That is why the Red Sox were so happy to be playing the Yankees instead, who had none of the qualities that distinguished the Giants. Although a number of Boston players had played in the previous incarnation of the Polo Grounds, many of them in the postseason series between the Giants and Red Sox two years before, none had played in the new facility. And a number of key players, like Hugh Bedient, Buck O'Brien, Hick Cady, and Larry Gardner, had never laid eyes on the place.

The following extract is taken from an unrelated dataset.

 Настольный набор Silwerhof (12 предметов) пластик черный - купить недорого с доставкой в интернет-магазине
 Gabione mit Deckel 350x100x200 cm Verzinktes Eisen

The Yankees were compliant before a crowd of twenty-five thousand—many of whom cheered Boston—and played the Red Sox hard. Nevertheless, New York fell twice, 2–1 to Bedient, who nearly threw a no-hitter in the best performance of his career, and 1–0 to Wood. After being staked to a lead in the first inning, Wood had walked a tightrope the rest of the way, bending time and time again before finally securing his shutout, his twenty-ninth victory, and his fourteenth in a row by striking out pitcher George McConnell with the bases loaded and two outs in the final inning. The victory upped Boston's lead to thirteen games, much larger than the margin enjoyed by the Giants. After leading by as many as sixteen games earlier in the season, the defending NL champions had slept like a hare for two months until recently being jolted awake by the discovery that the Chicago Cubs were closing like a tortoise. The Giants responded with a sprint, and now, for the first time all season, the Red Sox players openly began to talk about playing their National League counterparts in the World's Series.

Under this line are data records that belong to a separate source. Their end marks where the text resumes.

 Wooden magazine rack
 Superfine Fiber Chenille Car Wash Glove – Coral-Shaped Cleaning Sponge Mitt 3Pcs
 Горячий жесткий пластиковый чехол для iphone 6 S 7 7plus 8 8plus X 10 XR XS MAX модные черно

The game was rained out the next day, and it was a happy ball club that boarded the train back to Boston, for the Red Sox were beginning to look forward to clinching the pennant officially. Joe Wood's mother and little sister Zoe were aboard, making their first visit to Boston, and they were joined by Tris Speaker's mother and Jake Stahl's wife. The players had a bit of a party on the train ride back and took particular joy in stealing Tim Murnane's straw summer hat and returning it to him with the top punched out.

When Washington arrived for a three-game set with the Red Sox, Clark Griffith, still smarting over the decision that robbed Johnson of his chance to match Marquard's record, threw down the gauntlet. He announced that he was holding Walter Johnson back until Boston decided to pitch Wood. That way Johnson himself would have the opportunity to prevent Wood from matching his American League record of sixteen straight wins. "I want to give the fans a chance to see those pitchers hitched up and feel sure my man can win the honors," said Griffith. "Johnson's record this season was against all comers, and I want to see Joe Wood tied up with our man." Then Griffith made the challenge a little more personal. "Tell Wood," he sneered, "that we will consider him a coward if he doesn't pitch against Johnson."

To claim publicly that someone was a coward was an insult of the highest order, one that Griffith knew full well could not be ignored. And it was not. As soon as Jake Stahl got wind of it, he didn't waste any time in responding. "All right," he told the press. "Wood will pitch Friday. I had him down for Saturday, but to accommodate Griff we'll make the change and intend to defeat the Senators with Johnson pitching for them." The game was on.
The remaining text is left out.